TASK OBJECTIVE: Pictures are to be left out, and only the lines from the one containing "Arde Arhiepiscopia Tomisului" through the last line of the data are to be returned exactly.

THE RECORDS:
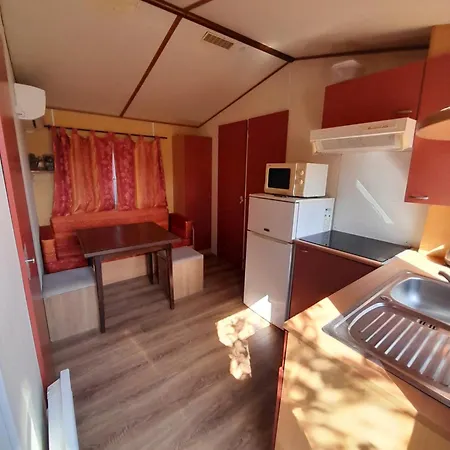 Land'shause Pataias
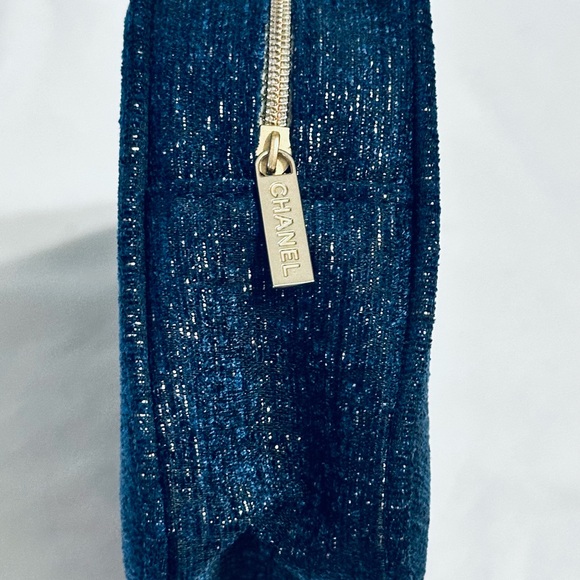 CHANEL Blue Tweed Cosmetic Bag with Gold Logo - Picture 3 of 7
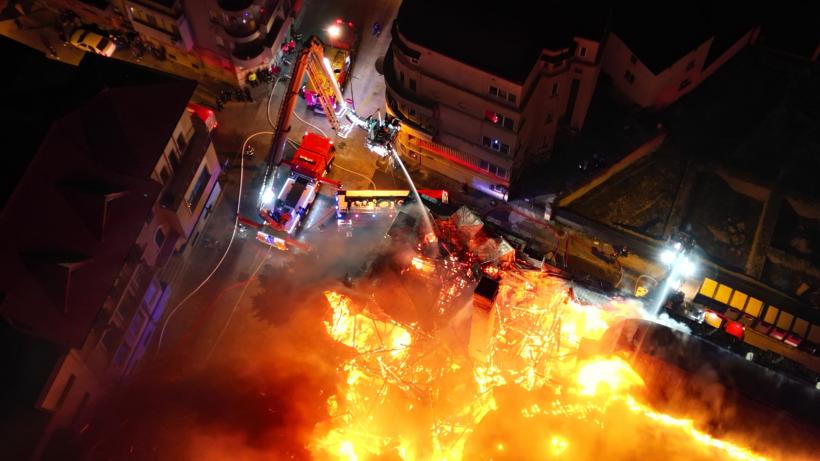 Arde Arhiepiscopia Tomisului din Constanța! 18803892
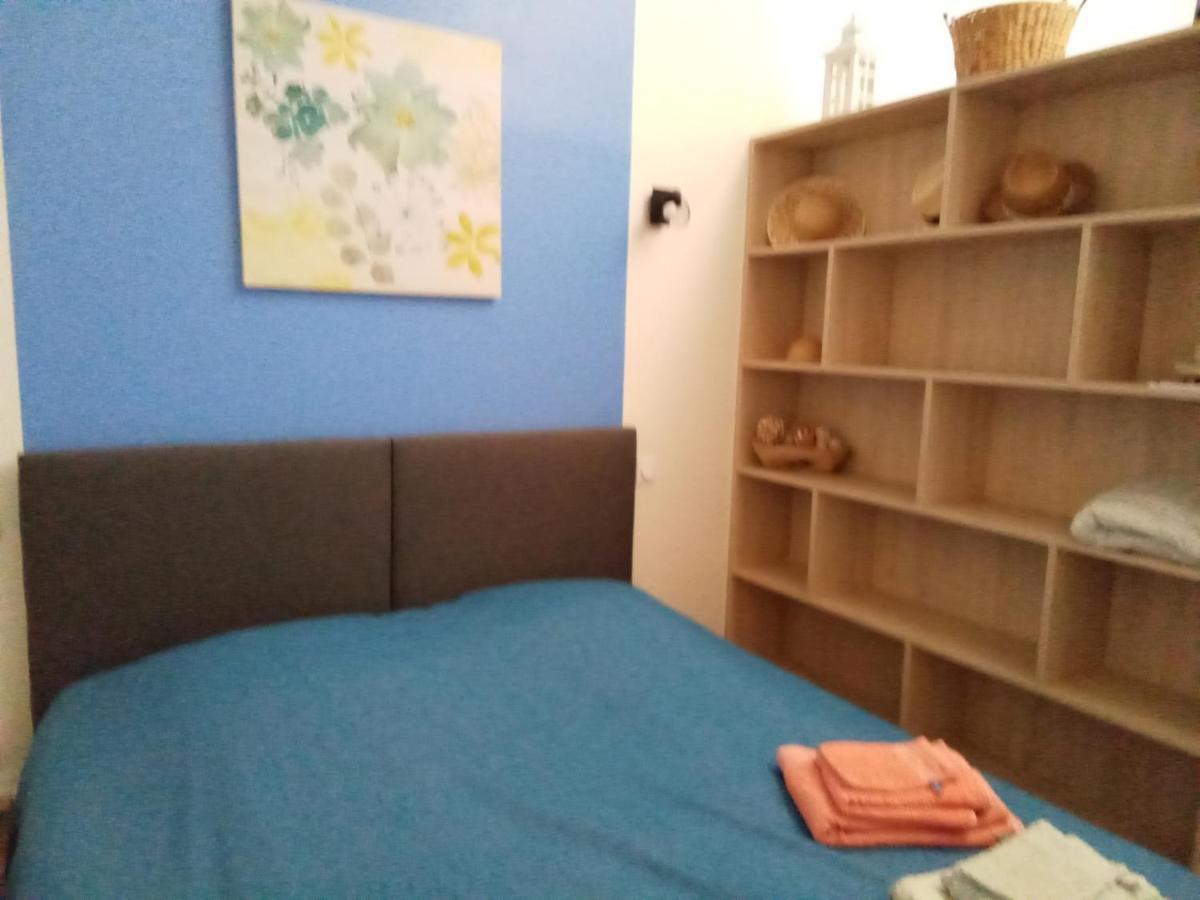 Gite La Petite Maison Montournais Bagian luar foto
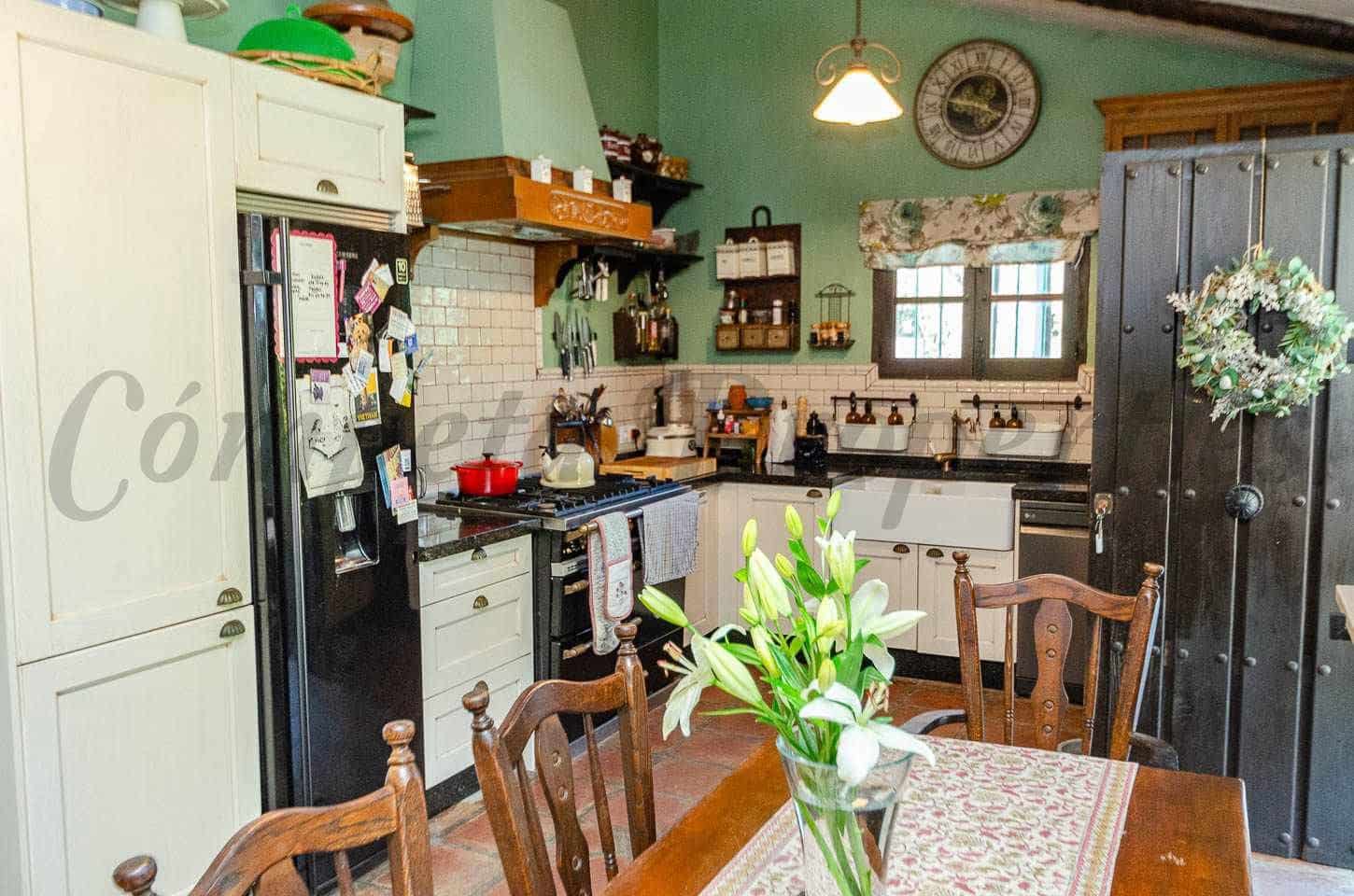 3 chambre Finca/Maison de Campagne à vendre à Archez avec piscine garage - 375 000 € (Ref: 10075713)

ANSWER BELOW:
 Arde Arhiepiscopia Tomisului din Constanța! 18803892
 Gite La Petite Maison Montournais Bagian luar foto
 3 chambre Finca/Maison de Campagne à vendre à Archez avec piscine garage - 375 000 € (Ref: 10075713)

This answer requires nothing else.